DATASET EXCERPT:
Content starts

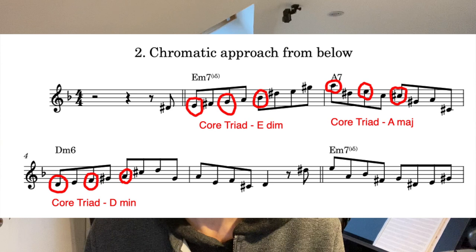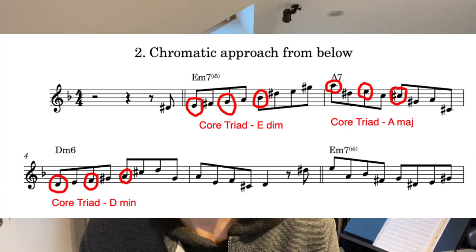In this exercise things start to get a bit more interesting. I'm using a chromatic approach from below to each note of the core triad. So in E half-diminished I'm approaching the notes of the E diminished chord — the E, the G, and the B flat — and in A7 I'm approaching the notes of an A major triad, and in D minor 6 simply the notes of the D minor triad. When you play this exercise, again do it as per the last one and treat it as two different four-bar exercises.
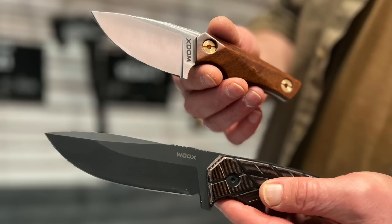Hey guys, welcome back to Ultimate Survival Tips. I'm David. I'm glad you joined me today as we take a quick look at a few of the most interesting knives and gear that I found at SHOT Show this year.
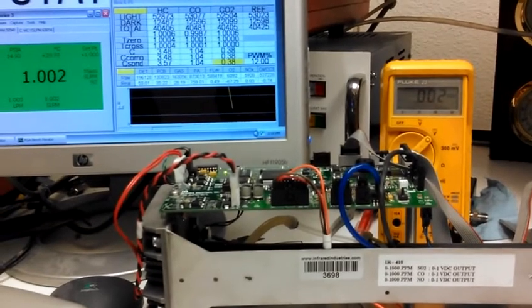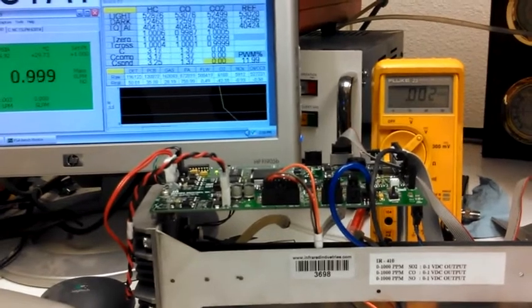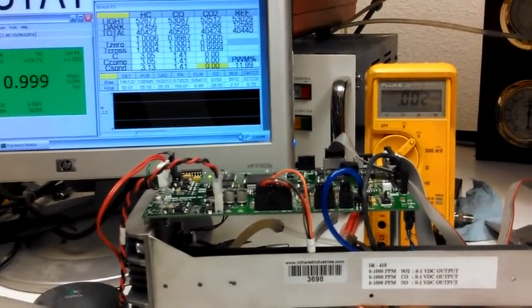Full range up and down, and you've got analog out — so the optical bench was working.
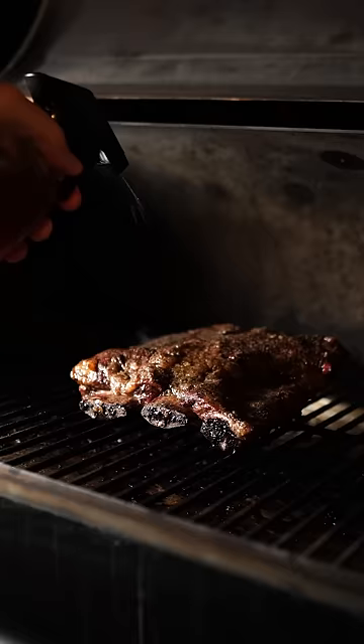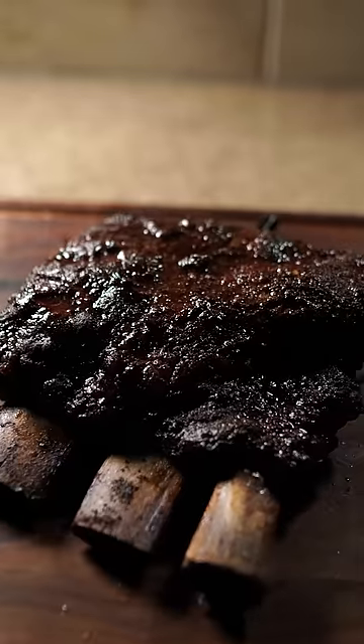Every hour, keep them moist with some bone broth. They're done when they reach 200. Shred the meat off the bone and set aside.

Content ends

ABOUT THIS EXERCISE:
Would you transcribe the lines above exactly, going from the line bearing "Hey guys, welcome" through the line bearing "Full range up", and drop the pictures from the copy?

EXERCISE OUTPUT:
Hey guys, welcome back to Ultimate Survival Tips. I'm David. I'm glad you joined me today as we take a quick look at a few of the most interesting knives and gear that I found at SHOT Show this year.
Full range up and down, and you've got analog out — so the optical bench was working.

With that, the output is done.